# GIVEN DATA:
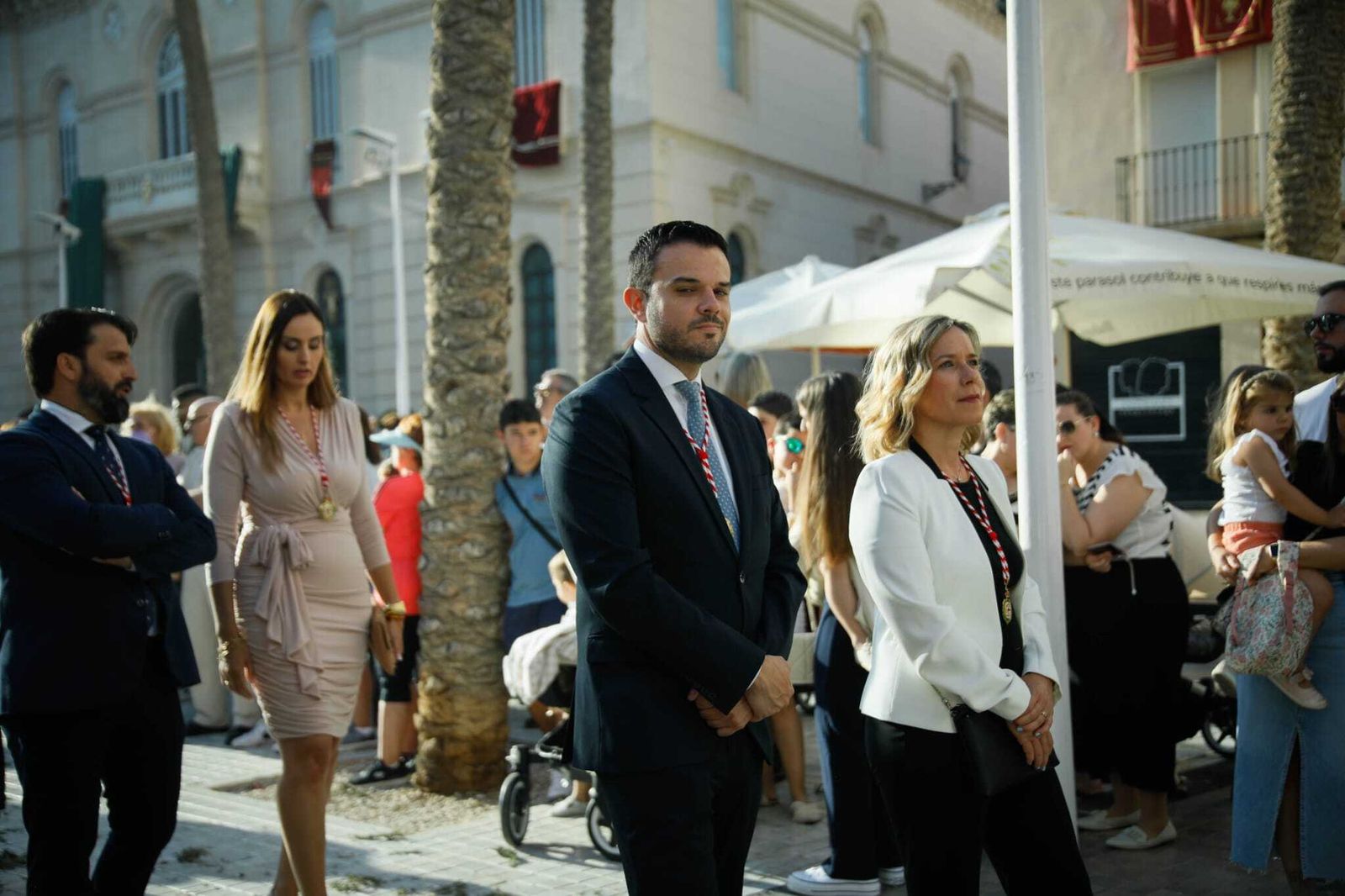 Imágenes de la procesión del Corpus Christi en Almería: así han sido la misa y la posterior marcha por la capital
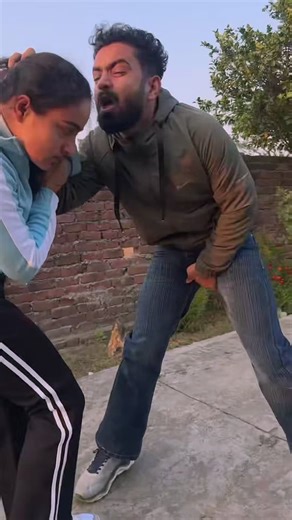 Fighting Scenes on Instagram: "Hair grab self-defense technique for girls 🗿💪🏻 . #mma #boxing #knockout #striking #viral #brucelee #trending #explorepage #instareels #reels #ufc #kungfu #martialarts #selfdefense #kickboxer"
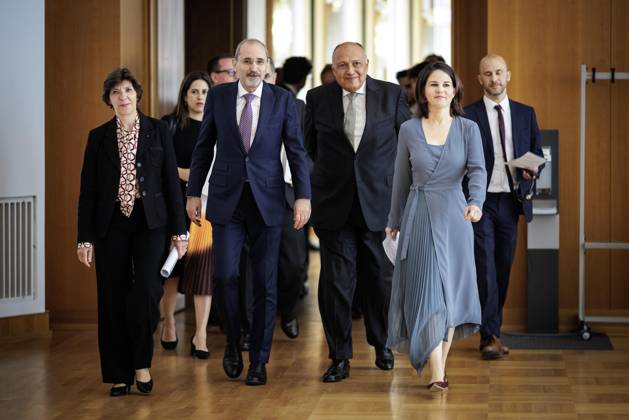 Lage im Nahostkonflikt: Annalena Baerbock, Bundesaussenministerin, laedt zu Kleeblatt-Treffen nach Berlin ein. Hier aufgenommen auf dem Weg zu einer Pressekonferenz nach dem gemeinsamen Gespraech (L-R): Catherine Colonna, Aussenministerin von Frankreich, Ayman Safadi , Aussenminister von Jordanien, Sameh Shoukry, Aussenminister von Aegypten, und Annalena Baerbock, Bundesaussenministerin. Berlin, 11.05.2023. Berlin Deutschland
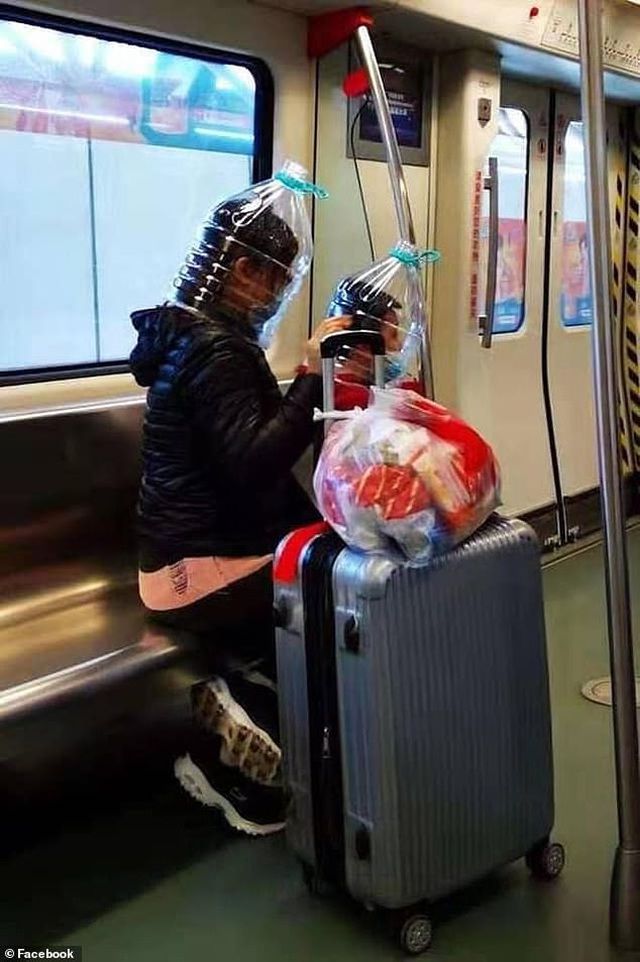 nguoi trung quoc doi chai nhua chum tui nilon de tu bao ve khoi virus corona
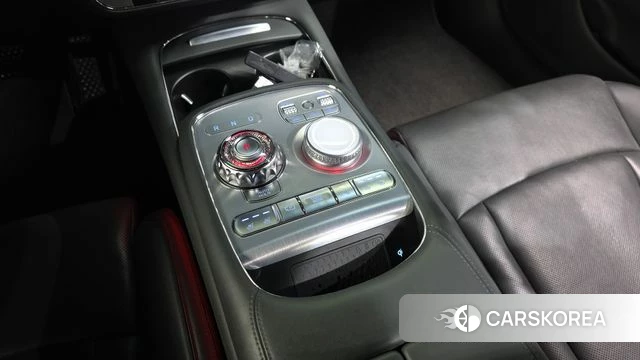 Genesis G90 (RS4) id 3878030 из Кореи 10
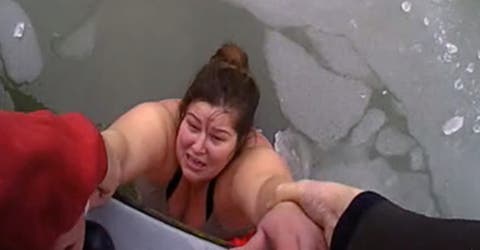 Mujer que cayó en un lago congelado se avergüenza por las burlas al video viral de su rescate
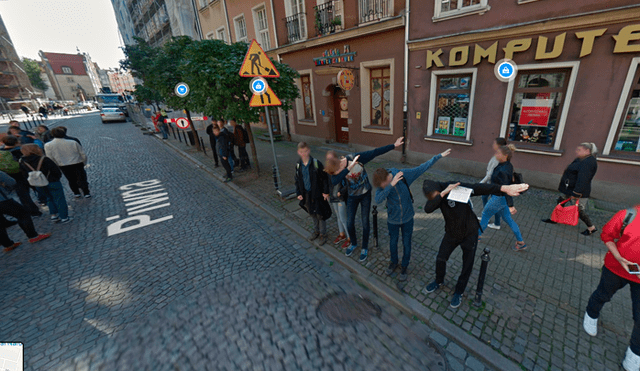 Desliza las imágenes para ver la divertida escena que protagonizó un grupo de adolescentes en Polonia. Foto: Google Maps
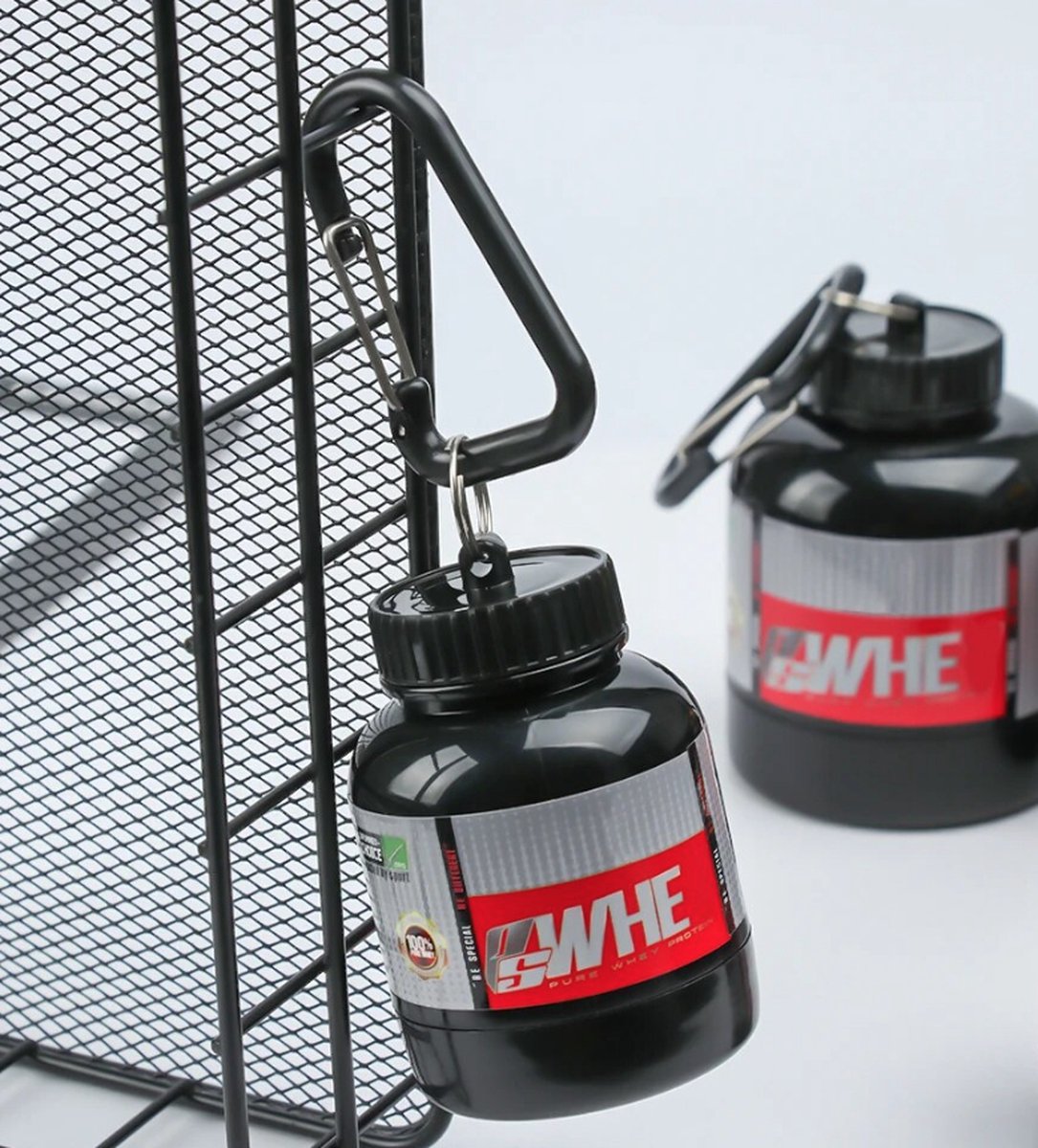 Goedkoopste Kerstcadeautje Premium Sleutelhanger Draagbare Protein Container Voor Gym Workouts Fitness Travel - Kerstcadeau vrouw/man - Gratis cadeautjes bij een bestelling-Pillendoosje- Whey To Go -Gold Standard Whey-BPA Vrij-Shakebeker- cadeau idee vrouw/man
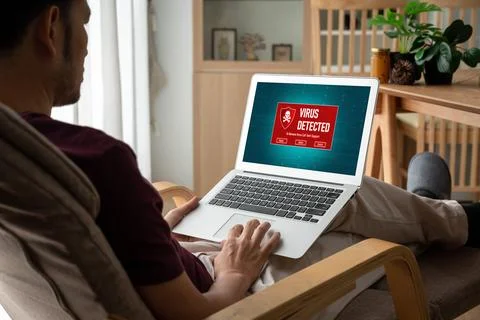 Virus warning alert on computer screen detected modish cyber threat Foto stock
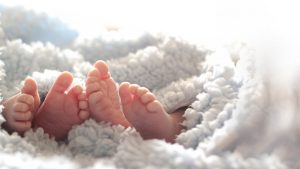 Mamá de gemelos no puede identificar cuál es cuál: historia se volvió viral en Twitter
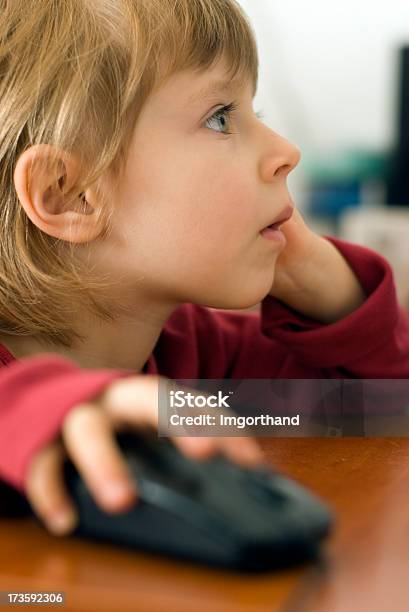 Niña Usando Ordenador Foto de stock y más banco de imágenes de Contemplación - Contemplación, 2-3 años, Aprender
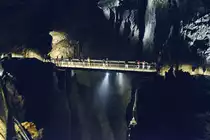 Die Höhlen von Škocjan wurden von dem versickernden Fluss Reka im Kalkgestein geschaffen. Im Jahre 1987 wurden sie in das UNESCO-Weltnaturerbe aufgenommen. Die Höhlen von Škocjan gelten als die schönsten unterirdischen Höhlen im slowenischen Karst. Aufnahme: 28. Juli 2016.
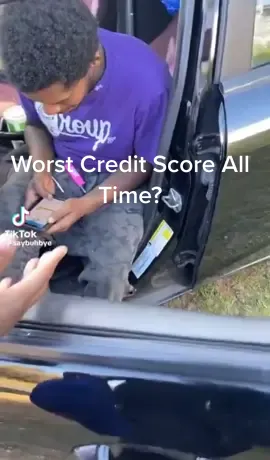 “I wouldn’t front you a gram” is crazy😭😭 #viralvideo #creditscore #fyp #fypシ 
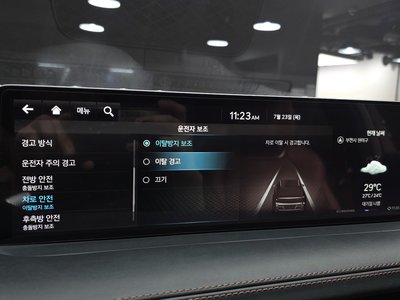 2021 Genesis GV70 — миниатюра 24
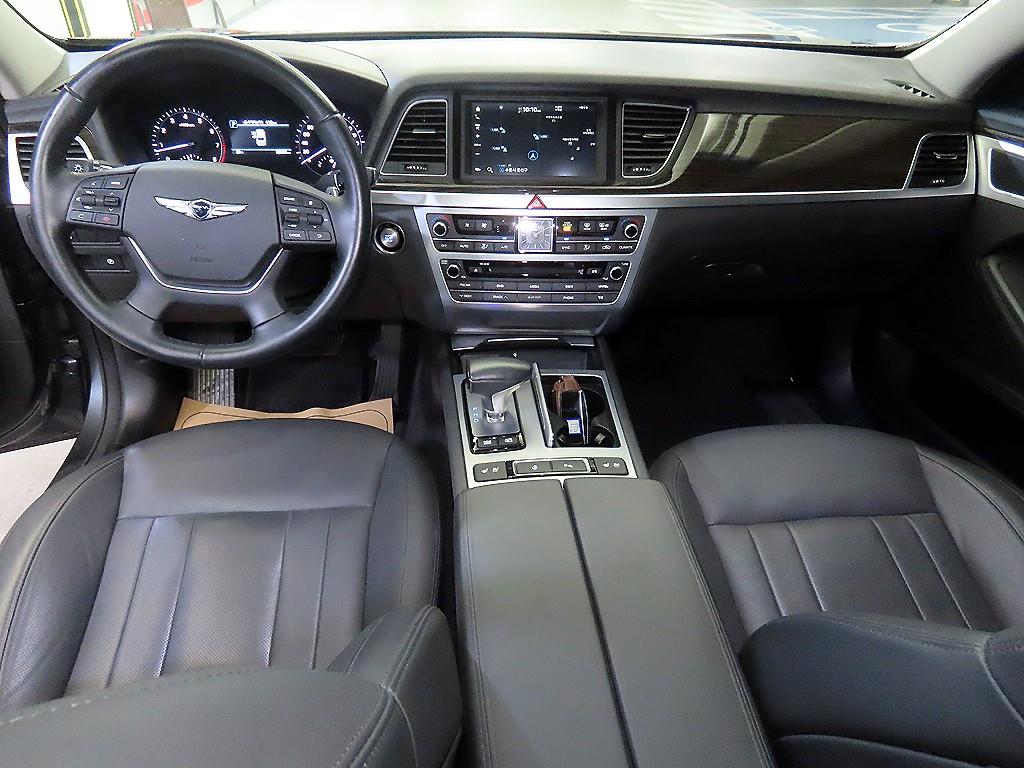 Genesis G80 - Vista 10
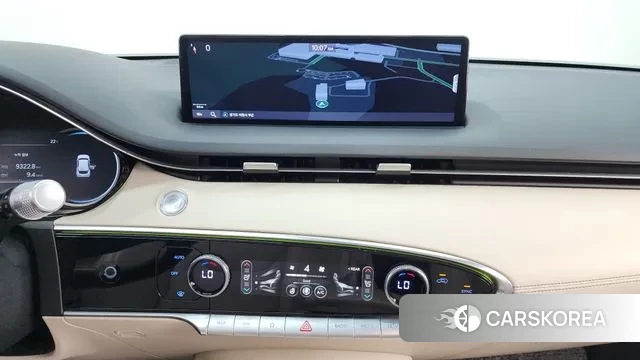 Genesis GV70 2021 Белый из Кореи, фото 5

# BRIEF:
What lines above run from the one with "nguoi trung quoc" to the one with "Mamá de gemelos"? Give them again exactly, ends included, and leave the pictures out.

# FINISHED TASK:
 nguoi trung quoc doi chai nhua chum tui nilon de tu bao ve khoi virus corona
 Genesis G90 (RS4) id 3878030 из Кореи 10
 Mujer que cayó en un lago congelado se avergüenza por las burlas al video viral de su rescate
 Desliza las imágenes para ver la divertida escena que protagonizó un grupo de adolescentes en Polonia. Foto: Google Maps
 Goedkoopste Kerstcadeautje Premium Sleutelhanger Draagbare Protein Container Voor Gym Workouts Fitness Travel - Kerstcadeau vrouw/man - Gratis cadeautjes bij een bestelling-Pillendoosje- Whey To Go -Gold Standard Whey-BPA Vrij-Shakebeker- cadeau idee vrouw/man
 Virus warning alert on computer screen detected modish cyber threat Foto stock
 Mamá de gemelos no puede identificar cuál es cuál: historia se volvió viral en Twitter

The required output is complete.